Showing posts with label data centres. Show all posts
Showing posts with label data centres. Show all posts

Monday, August 22, 2016

A challenge for Google’s Deep Mind: solving the Jevons Paradox

Note: this post was originally published on The Fifth Estate on 16 August 2016. 

Google has announced that it has used Deep Mind, the neural network computing developed by its AI research company, to reduce the energy used for cooling its data centres by 40 per cent. Sounds impressive, until you realise that Google’s energy use is doubling every year.

Data centres are not very efficient for several reasons:
  1. Servers are generally inefficient, producing lots of heat
  2. Just cooling them uses a huge amount of power
  3. The companies running data centres are rewarded for responding quickly to demands on server uses. They are not rewarded for saving energy, therefore they keep energy use at a maximum continuously
  4. With the inexorable expansion of “cloud computing”, this trend is set to continue
So while Google’s announcement sounds great let’s look at what is actually happening to data centre energy use – in fact energy use in ICT generally. And it’s not good.

Even if data centres did use energy efficiently their overall use is still increasing at a greater rate. Google’s total power usage appears to have increased by a factor of 12 in the last four years, almost doubling every year.

It likes to boast about its use of renewable energy. It recently purchased 781 megawatts of solar and wind power to power its data centres. But the company also says renewable energy makes up just 37 per cent of its usage and with a total of 1.2 gigawatts of renewable energy, that makes its total data centre usage around 3.2GW.

But this itself is in the context of Google’s overall energy usage this year, estimated to be 48.927GW [for source see comments to the article linked to above].

The worldwide explosion of data centres and their increasing energy usage is a direct result of the spread of smart phones, tablets, apps and video-on-demand.
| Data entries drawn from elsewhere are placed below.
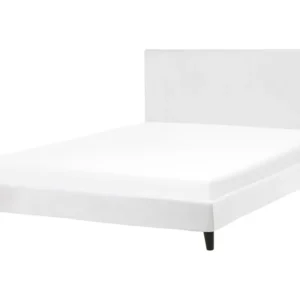 Velvet EU King Size Bed White FITOU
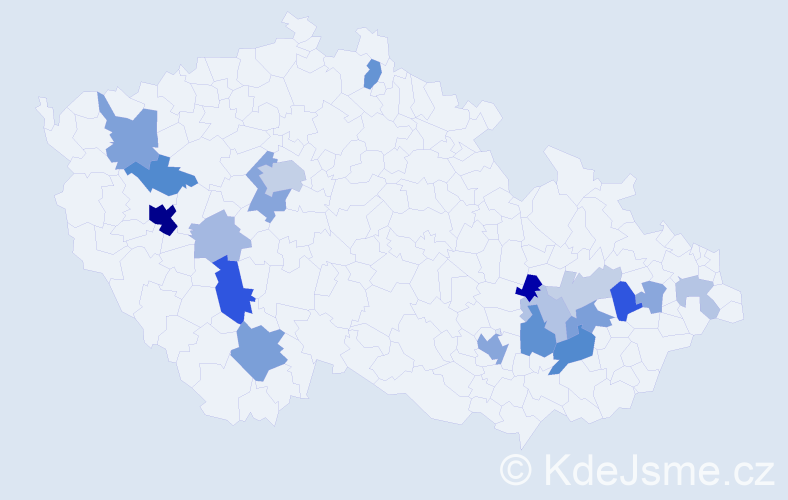 Příjmení: 'Hovora', počet výskytů 51 v celé ČR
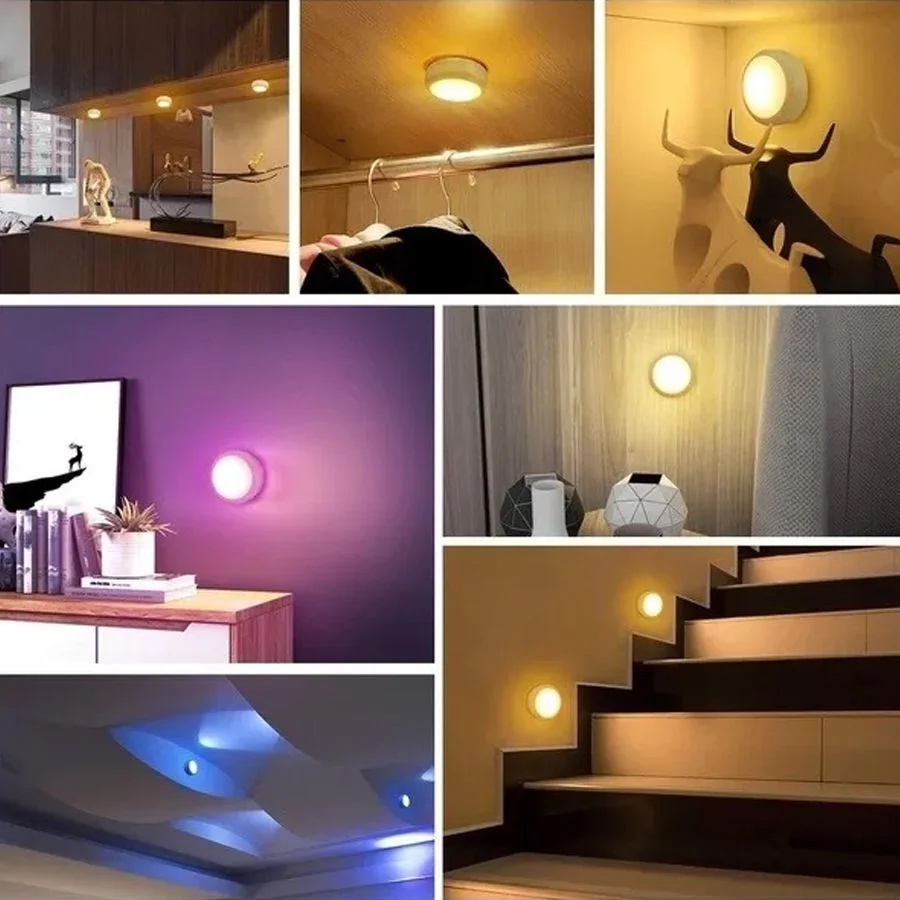 3 Lampadas Luminaria Led RGB Controle Remoto Para Armario Shopee Brasil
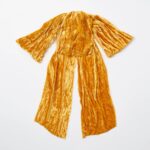 Large Golden Mustard Raw Edge Silk Velvet Lux Drape Loop Bow - Yellow
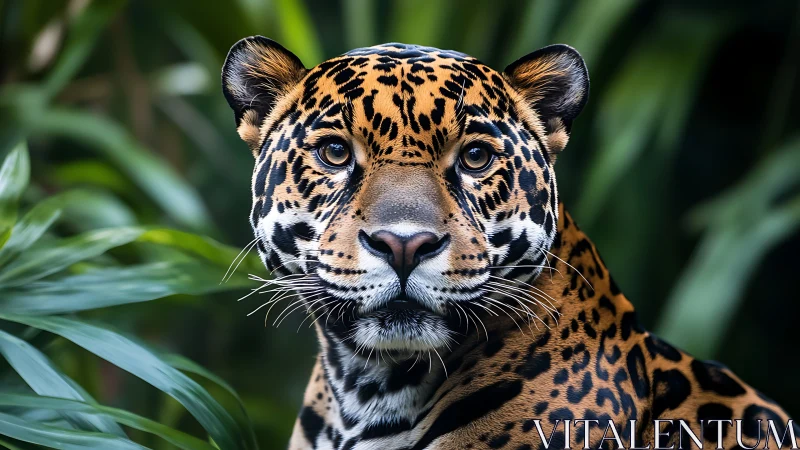 Calm jaguar gazing softly from lush green jungle shadows.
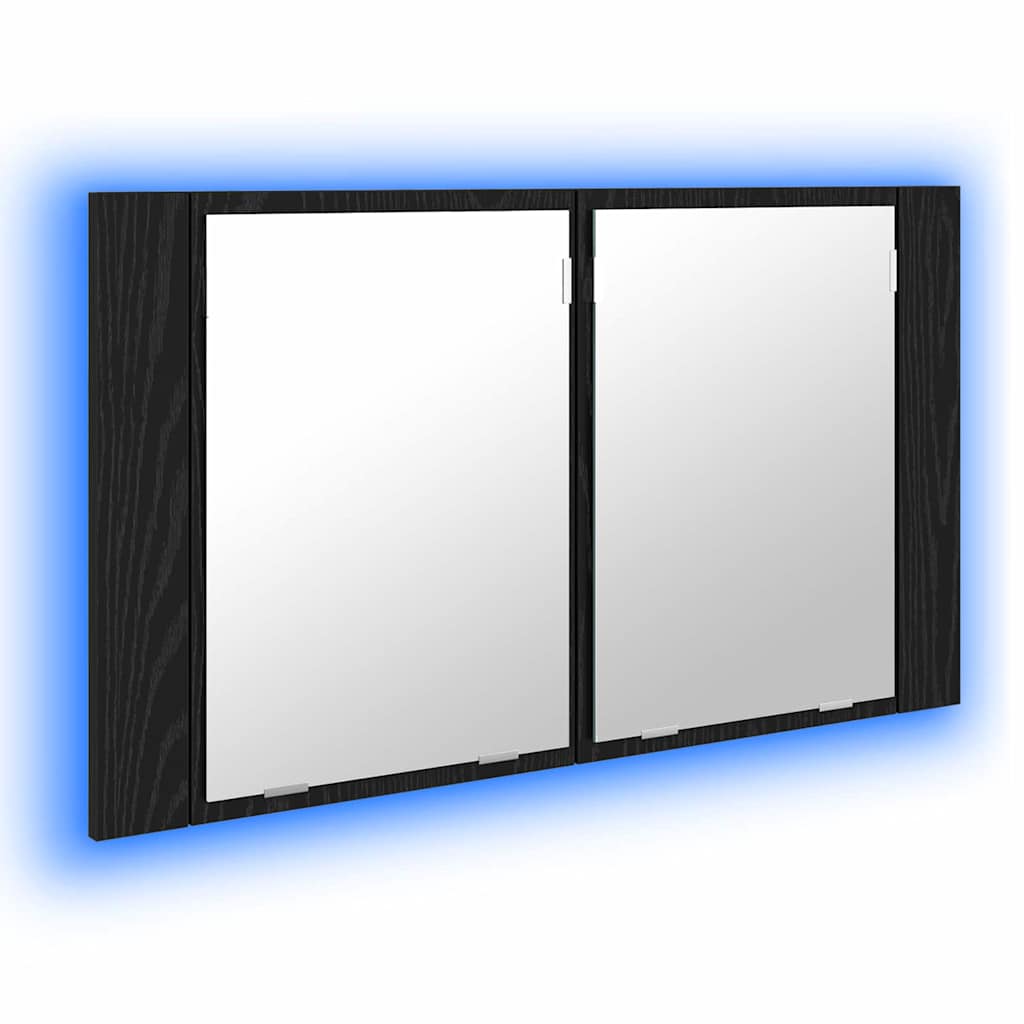 Baderomsspeilskap Svart Eik 80 x 12 x 45 cm Konstruert tre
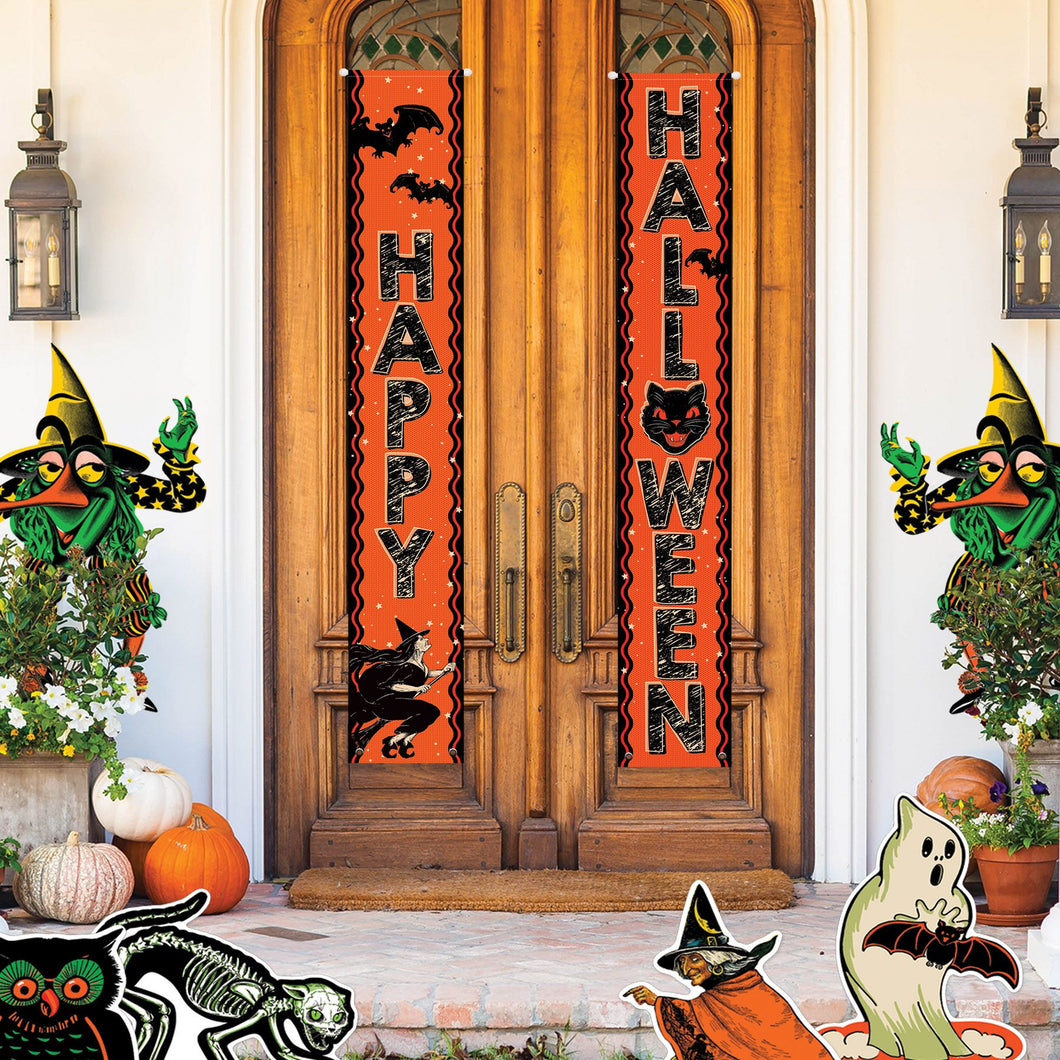NEW! Vintage Beistle Line - Fabric Happy Halloween Door Panels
We expect all of these things fast and free and that is what is fuelling the expansion.

The number of annually produced smartphones is expected to rise between 2010 and 2030 from around 350 million to around 3000 million units, and for tablets from 50 to 560 million units.

A worst-case projection for the global use of energy in ICT puts it at as much as 51 per cent of global electricity and 23 per cent of the globally released greenhouse gas emissions in 2030. Totally unsustainable? Right.

The Jevons Paradox

We seem to be seeing another example of the Jevons Paradox, the conundrum proposed by economist William Stanley Jevons. First postulated in the 1860s, it states that increases in efficiency will not result in savings, instead they will result in more expenditure or consumption.

Jevons argued, in his prescient 1865 book The Coal Question, that the effective and efficient use of energy leads to an increase in energy consumption. In his words:

“It is a confusion of ideas to suppose that the economical use of fuel is equivalent to diminished consumption. The very contrary is the truth…”

Increased energy efficiency tends to increase energy consumption by two means. First, increased energy efficiency makes the use of energy relatively cheaper, thus encouraging increased use (the direct rebound effect). Second, increased energy efficiency leads to increased economic growth, which pulls up energy use for the whole economy (the indirect effect). It applies to energy efficiency and resource efficiency.

When people save money on saving energy they have extra capital. This inevitably gets spent resulting in more consumption. The same applies to saving money on manufacturing products by reducing the amount of resources needed. More products get produced. Economists and environmentalists often use the amount of spending as a proxy for energy consumption or ecological footprint. The only way to really reduce environmental impacts is to spend, or consume, less.

As a whole, we on our beautiful unique planet Earth are already using two planets’ worth of resources and our numbers are rising, expected to reach 10 billion by the end of the century. This includes a growing middle class that is consuming more and more, causing some minerals and other resources expected to run out according to their relative rarity over the next century.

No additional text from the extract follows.